On Assignment with Noor Ahmed Gelal: Photographing the most dangerous job in the world

To be with death: Honey Hunters of Sundarbans

images & reporting by Noor Ahmed Gelal

The Sundarbans mangrove forest covers 10,000 square kilometers, 6,000 square kilometers in Bangladesh and 4,000 square kilometers in India. The area extends from the Hooghly River in India’s state of West Bengal to the Baleswar River in Bangladesh. According to the Asiatic Society of Bangladesh, there are 117 rivers flowing through the Bangladesh portion of Sundarbans to the Bay of Bengal.

The annual honey gathering season brings lots of expectations in the southwest of the country, as it provides people with much needed extra income. On average, the fishermen earn around $70 to $80 (£42 to £49) each during the season. Honey gathering may sound like a normal rural occupation but here it is perhaps the most dangerous job in the world.

It was morning, ebb tide, when our launch slid up to the shore-shiny and metallic and unstable as mercury-and stuck its nose resolutely into the mud. Felt clouds sulked overhead, temporary protection from the blazing April sun. The honey collectors hopped one by one down onto the shore, which swallowed them up to their calves before releasing a thick, flatulent squelch. Like all the world’s mangrove forests-the low-slung tracts of salt-tolerant trees that line tropical coastlines from Brazil to Indonesia-the Sundarbans lives on mud and water, on silt and salt, its alien landscape treacherous even for the initiated, which I most certainly was not.

April and May, the period of the honey harvest, are hot months virtually everywhere on the subcontinent, but here in the Sundarbans the heat is excruciating. Temperatures climb over 100 degrees Fahrenheit in the brutal pre-monsoon spring. The sun pounds the uncountable streams, rivers, and creeks like a blacksmith trying to flatten a crooked piece of tin. The heat pours through the loose weave of the salt-stunted canopy.

There’s no breeze-just a hard, uncompromising humidity. In the course of the spring bloom, the bees will produce honey from as many as twelve species of trees, each distinct in flavor, texture, and color. Honeys from the goran and passur trees are thick and red with little fragrance and a tendency to crystallize.
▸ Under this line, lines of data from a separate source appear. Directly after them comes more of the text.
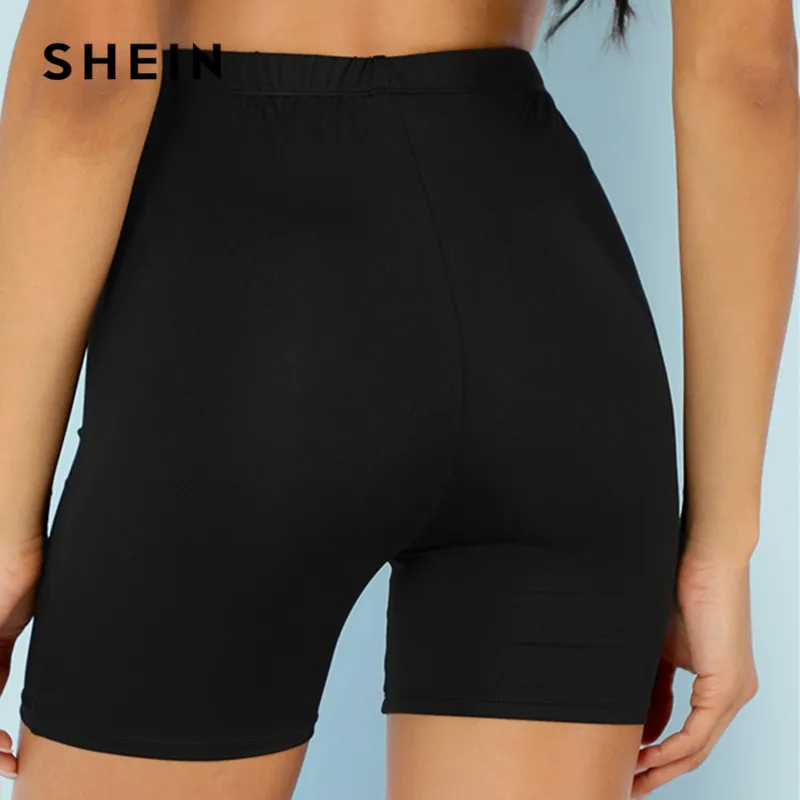 SHEIN الصلبة الدراجات عالية الخصر طماق النساء 2019 Athleisure المحاصيل اللياقة البدنية طماق الصيف السيدات عارضة تجريب طماق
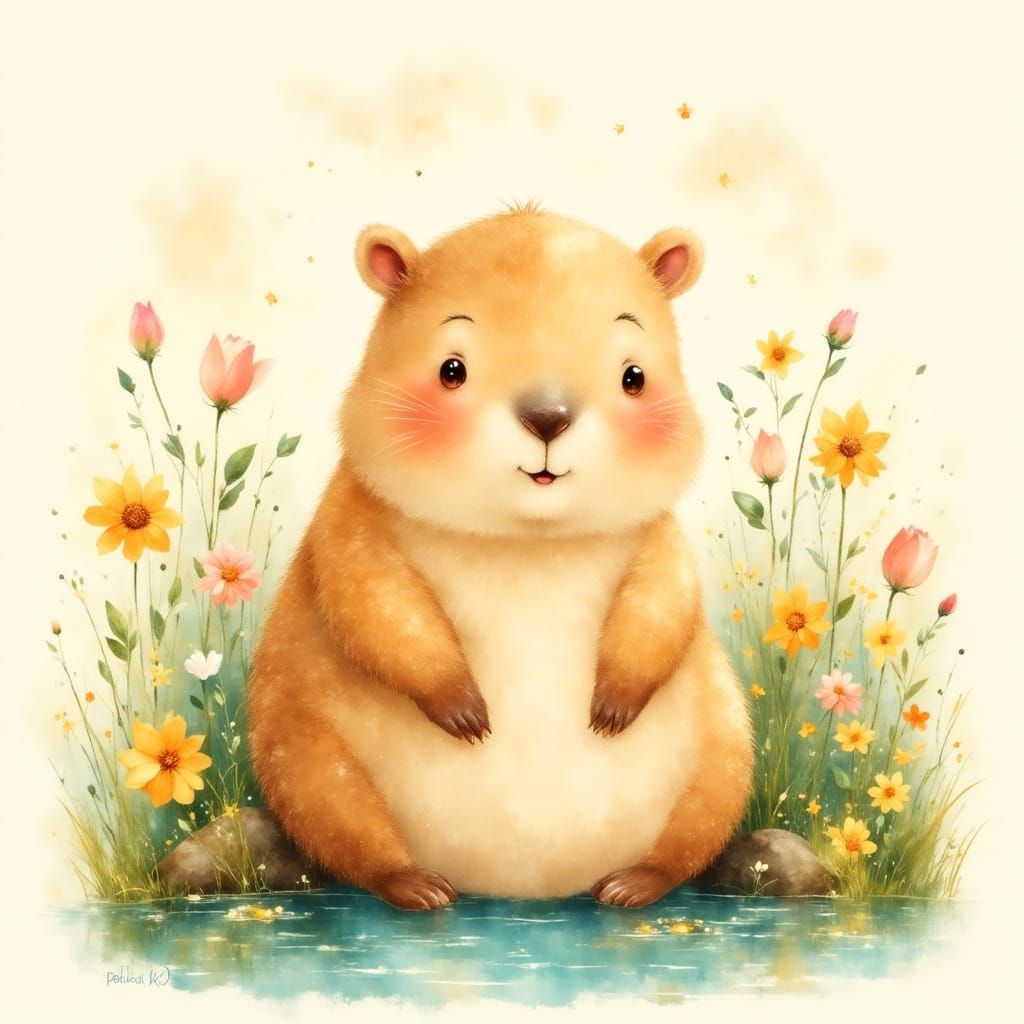 Cozy Capybara Relaxing by a Pond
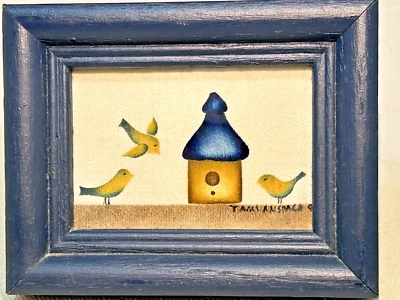 Yellow Birds Mini Ink Painting on Cloth Approx 4.5" X 4" Wood Framed 1999 Signed - Image 1 of 4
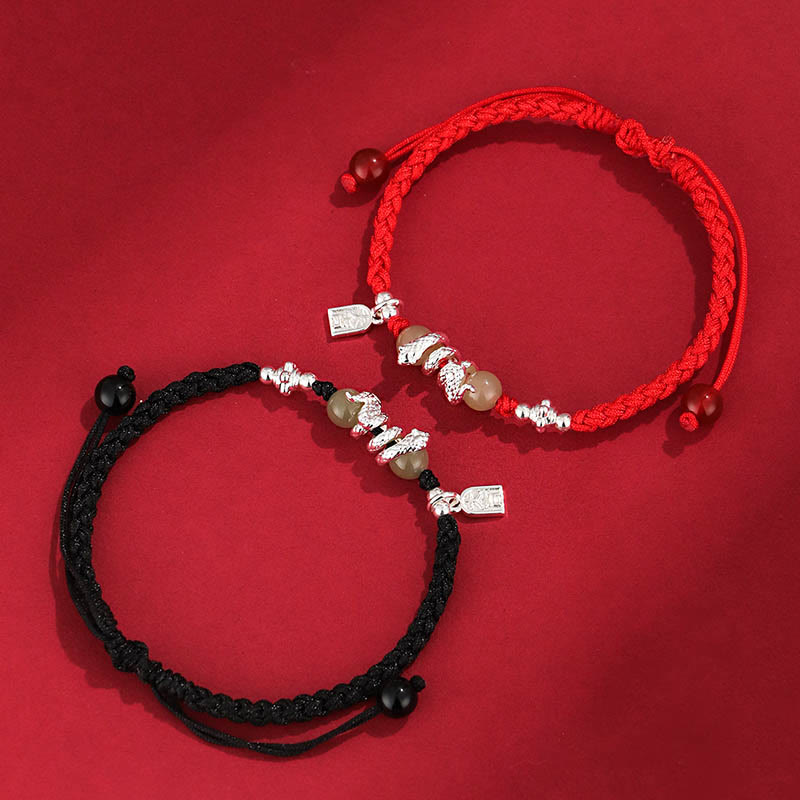 Fortune Jewel Hetian Jade Year of the Snake String Protection Braided Bracelet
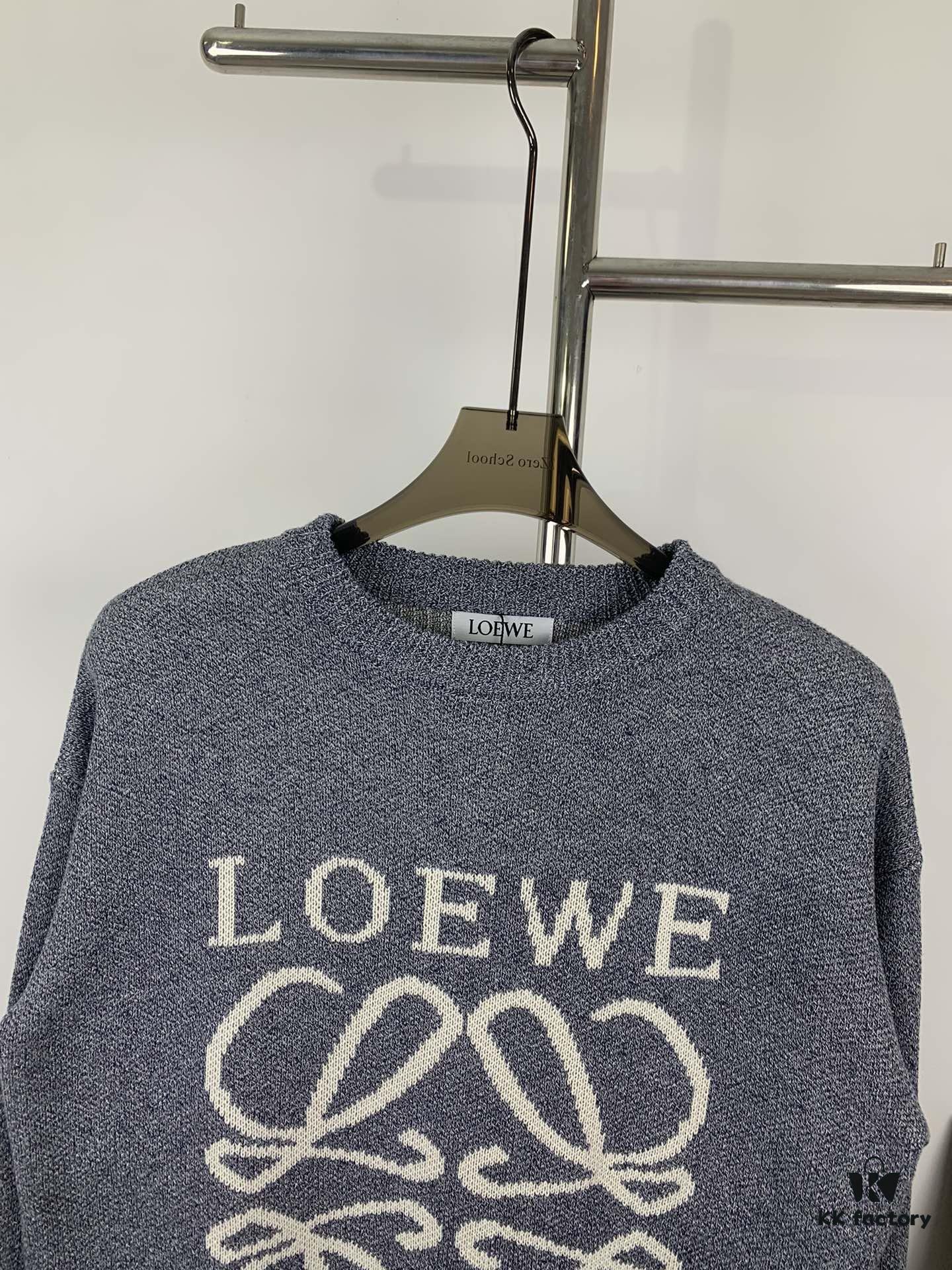 New LOEWE 22SS Exquisite Heather Gray Jacquard Round-Neck Sweater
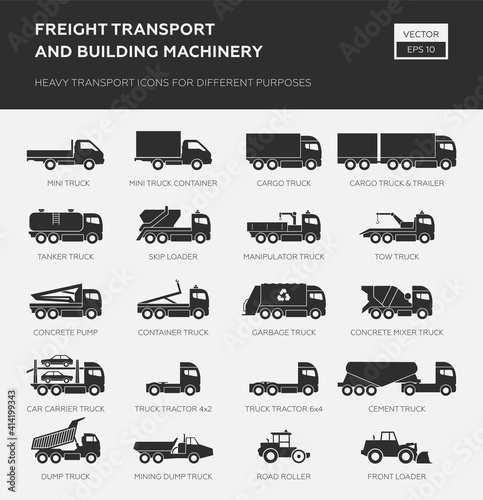 Freight transport and building machinery. Heavy transport icons for different purpose. 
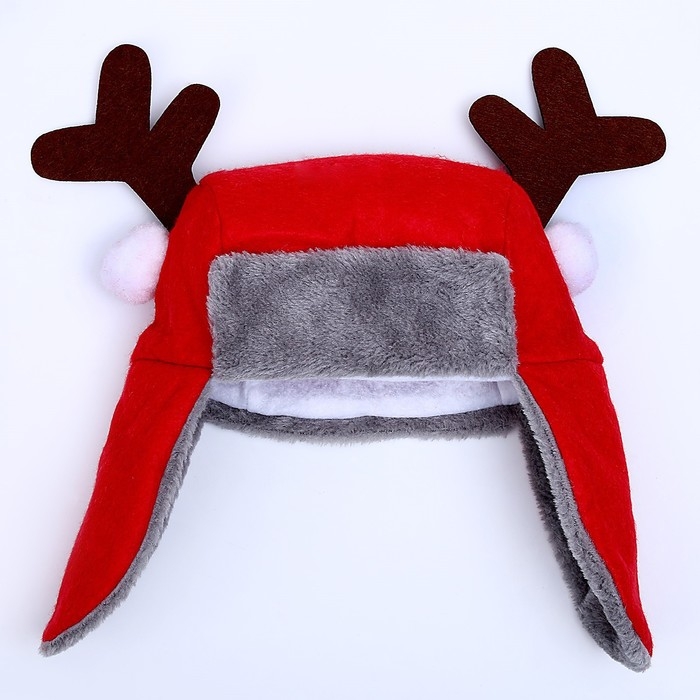 Карнавальная шапка «Ушанка» с рогами Карнавальная шапка «Ушанка» с рогами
Prayer gatherings by honey collectors (Mouwals) before getting into the Sundarban Mangrove forest. Prayer for healthy collection and safer return to home from predators like Bengal Tiger, estuarine crocodile, king cobra and others.

Keora honey, though fair and thin (traits valued as highly in Sundarbans honey as they are in Bollywood actresses) is blandly sweet compared to the first and most prized of the Sundarbans honeys: khalsi. Pale gold in color, liquid and fragrant, subtle in its sweetness with a tart, almost peppery sting at the finish, khalsi honey lasts no later than mid-April and, once harvested, ferments within three months; honey hunting is as much a game of speed as endurance.

The process of collecting Honey and Wax in Sundarbans Mangrove Forest, UNESCO World Heritage Site. A Mouwals man is covered by bees (Apis dorsata, the giant honey and dominant bee species found in Sundarbans).

According to the Forest Department, a total of 723 quintal of wild honey was collected from the Burigoalini range in Sundarbans West Zone in 2019. 

The range is considered to be the largest honey collection zone in the mangrove forest.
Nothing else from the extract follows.